- Opening Delimiter -

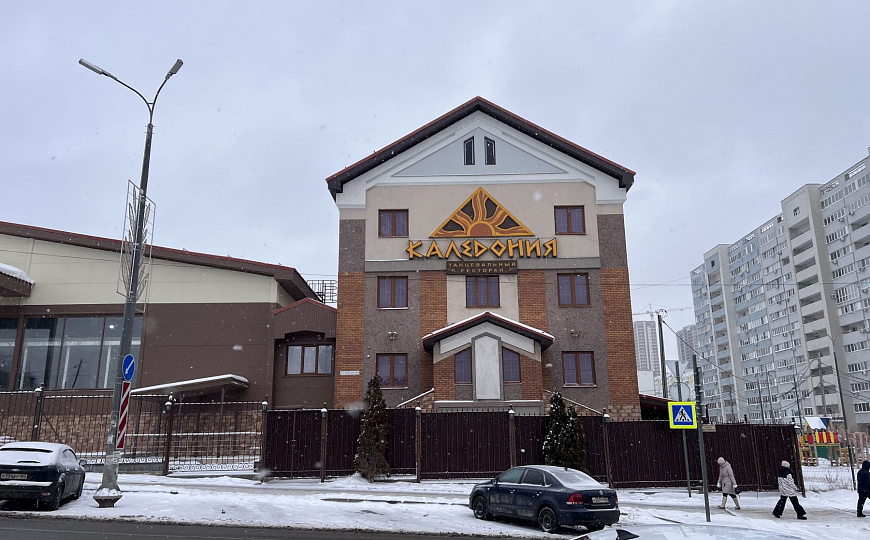 Аренда здания 1080м2 на первой линии фото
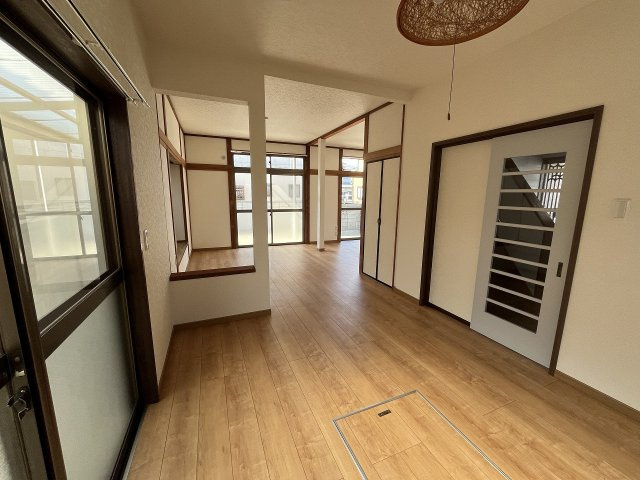 西城南5丁目戸建ての居間・リビング|LDK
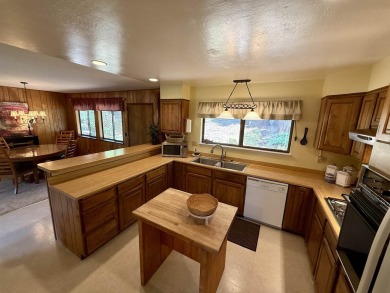 Immaculately maintained Lake Almanor Country Club home! This on Lake Almanor Country Club in California - for sale on GolfHomes.com, golf home, golf lot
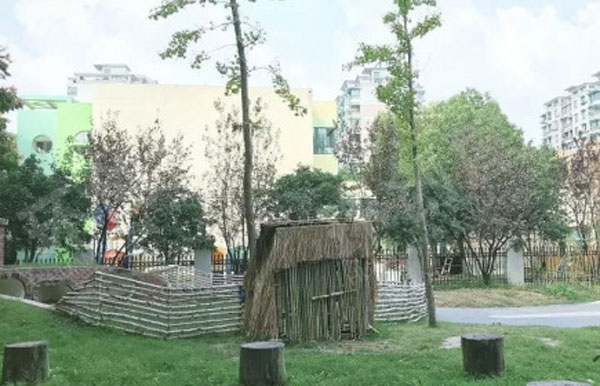 幼儿园户外绿色栅栏装饰环创图片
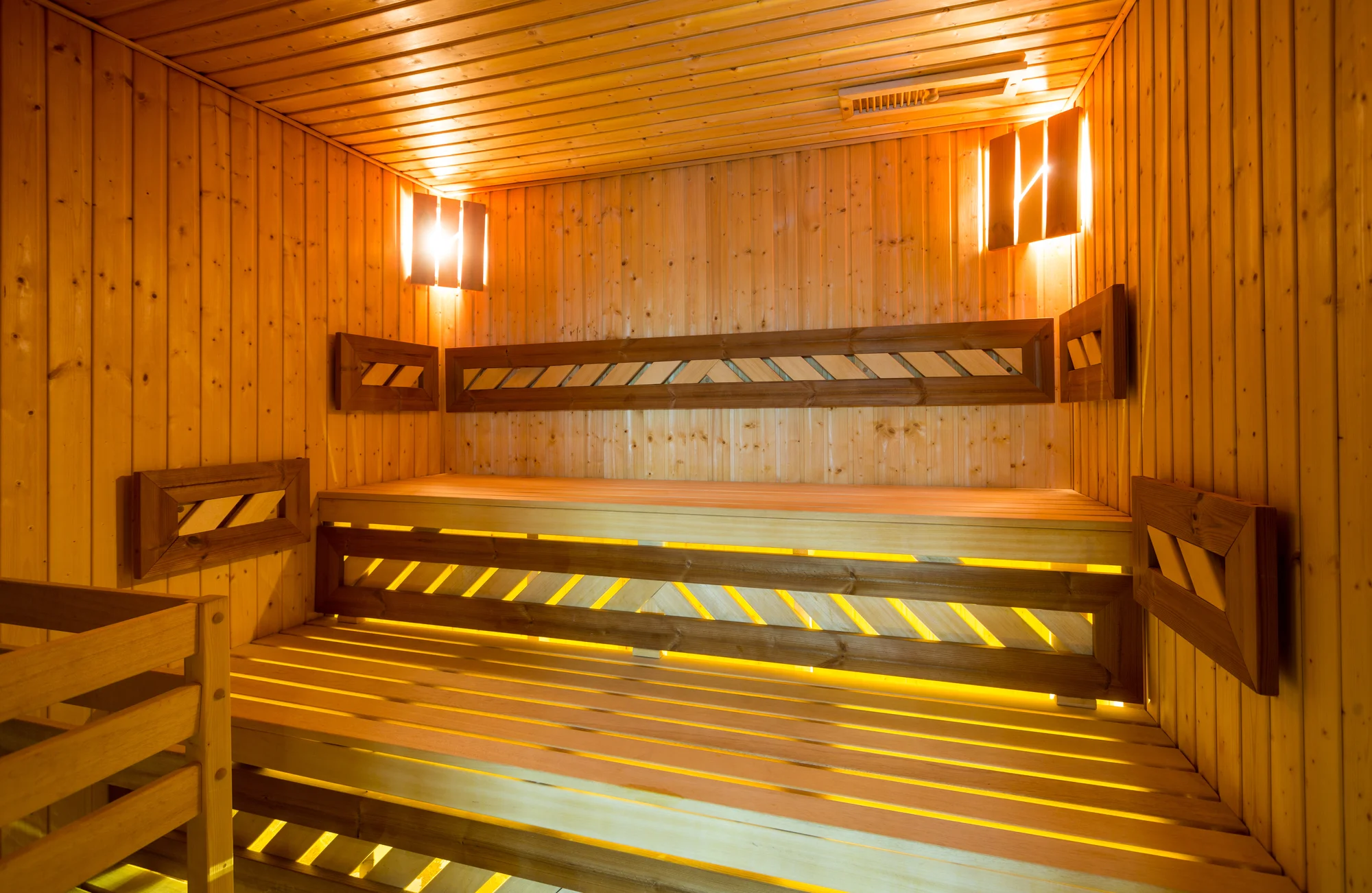 Relax na Zámku Lužec: 3 hod. ve wellness se speleoterapií či snídaní nebo večeří formou bufetu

- Closing Delimiter -

> What is expected: The result is an exact copy of the lines from the one holding "西城南5丁目戸建ての居間・リビング|LDK" through the final line of the data above, both ends included, minus the pictures.

> Task answer:
 西城南5丁目戸建ての居間・リビング|LDK
 Immaculately maintained Lake Almanor Country Club home! This on Lake Almanor Country Club in California - for sale on GolfHomes.com, golf home, golf lot
 幼儿园户外绿色栅栏装饰环创图片
 Relax na Zámku Lužec: 3 hod. ve wellness se speleoterapií či snídaní nebo večeří formou bufetu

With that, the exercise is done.